Esa noche lo ordinario fue extraordinario, pues que una mujer dé a luz a un niño es algo que sucede todos los días, pero que lo haga en un lugar lleno de animales, porque nadie tenía lugar disponible en sus posadas, ya no es tan común. Lo que no es ordinario en absoluto es quiénes son esa mujer y ese niño. Jesús fue un bebé perseguido por Herodes, pues la profecía del Mesías Salvador había llegado hasta sus oídos y la soberbia de quien quiere todo el poder en sus manos le llevó a matar a una cantidad inmensa de inocentes. El hecho de que nacería un redentor, de que brillaría una estrella que señalaría dónde estaba ese niño, movió a los reyes magos a buscar a ese Mesías que anunciaba la profecía de los hebreos. Representando a los hombres que buscan la verdad con todas sus fuerzas, esos reyes venidos de Oriente tenían un sincero deseo de comprender el significado del acontecimiento que vivían. Los pastores, por su parte, no tenían el nivel cultural de los magos, pero la actitud del corazón que busca adorar a Dios, la tenían los dos grupos de hombres.

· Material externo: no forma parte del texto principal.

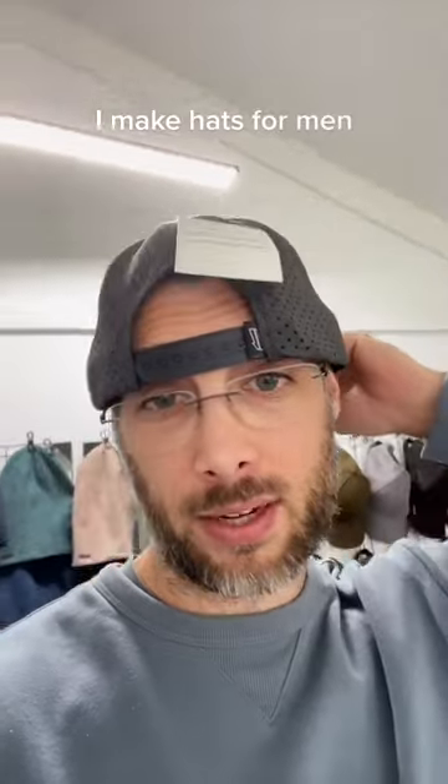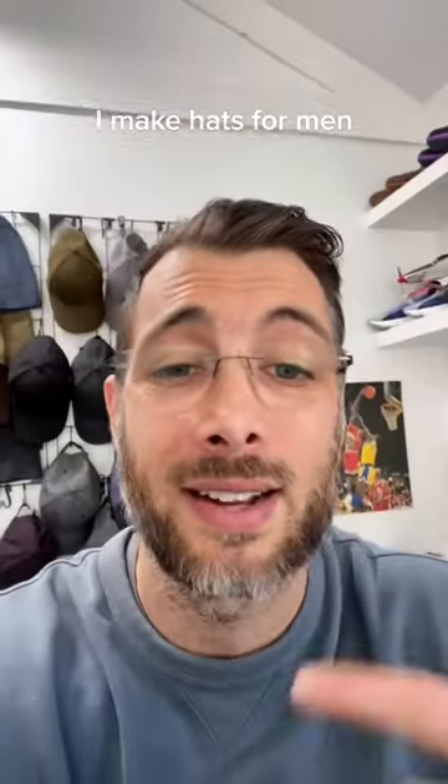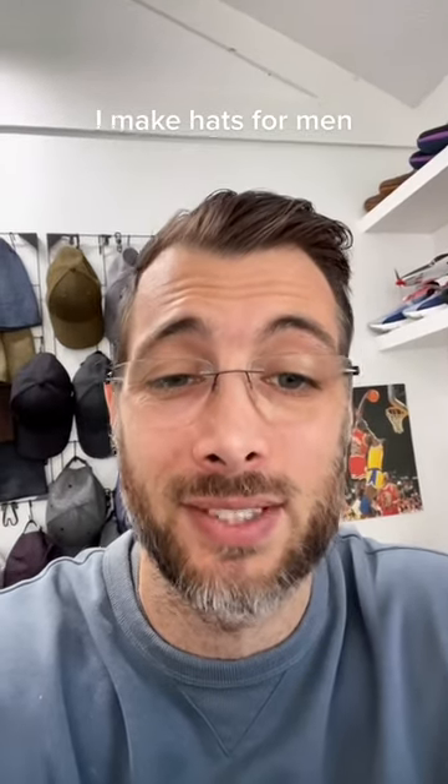So if you've got a head that's the biggest of the big, this hat's going to fit. You see how massive this hat is on my head? I've had guys that say their head size is up to 67 centimeters — that's massive. So there's no wonder they can't find a hat that fits.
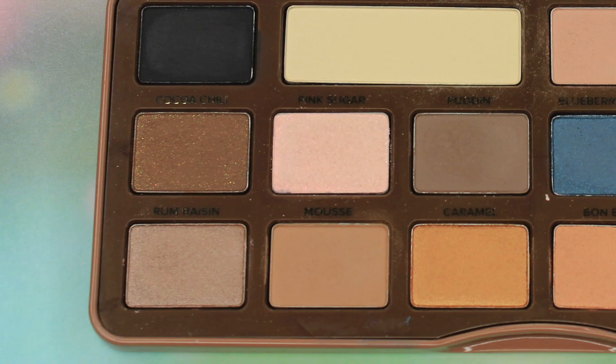Hi everybody! Today I am back doing another Too Faced Semi-Sweet Chocolate Bar Palette tutorial. I got a couple of requests for this — one from Jocelyn at TCP 2012, who wanted more Semi-Sweet tutorials, and Stephanie Albert wanted me to do a tutorial using Rum Raisin. So that's what I'm doing today. Rum Raisin is just this kind of taupey brown shade. So let's get into it!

Quiero detenerme en lo que significa que Dios haya entrado en nuestra historia, en nuestro tiempo, tanto como en lo que significa la estrella y su misión de iluminar los caminos de los hombres. En relación a lo primero, importa considerar que Dios haya querido hacerse hombre, igual que nosotros. No entró en nuestra historia apareciéndose de pronto, sino que se hizo niño. Nació de una madre, como nosotros. La razón es que quiere elevar la maternidad a un nivel alto y mostrarnos también cómo ser hombres, cómo vivir las etapas de la vida y la cotidianidad, en general, santamente. Para vivir unidos a Dios no hay que hacer algo excepcional: basta con vivir, unidos a El, lo más nimio que hacemos.
El tiempo quedó tocado por la eternidad, por un Dios que se hizo hombre para que nosotros fuésemos Dios, como dice bellamente san Agustín, pues al nacer nos abre la posibilidad de participar de su divinidad. Esto, si queremos, pues si alguien respeta nuestra libertad es Dios.
Así, unidos a Él, todo lo que hacemos se diviniza. El tiempo puede quedar elevado a otro nivel si vivimos conscientes de que esta vida pasa rápido, es un soplo, y luego viene la eternidad, de la que participaremos según hayamos querido participar de ella en esta vida.
La estrella, por otra parte, brilla y guía, orienta. Muestra dónde está ese Mesías y con su brillo indica la grandeza de su misión. Fue signo que mostraba a Dios, que conducía hacia El. Y de noche, en medio de la oscuridad, qué necesario se hace seguir el norte de una estrella así. Como dice el salmo 23: “El señor es mi pastor, nada me faltará. En lugares de verdes pastos me hace descansar; junto a aguas de reposo me conduce. El restaurará mi alma; me guía por senderos de justicia por amor de su nombre/Aunque pase por el valle de sombra de muerte, no temeré mal alguno, porque tú estás conmigo; tu vara y tu cayado me infunden aliento…”.
Ese Dios que se ha hecho bebé para que confiemos y nos acerquemos a Él con la seguridad de que nos escuchará, es el mismo que ya grande prometió a sus apóstoles que estaría con nosotros todos los días: siempre.
Navidad es tiempo de paz, de confianza en ese Dios que no nos olvida ni nos rechaza, sino que, por el contrario, nos busca y ama, nos perdona y acoge.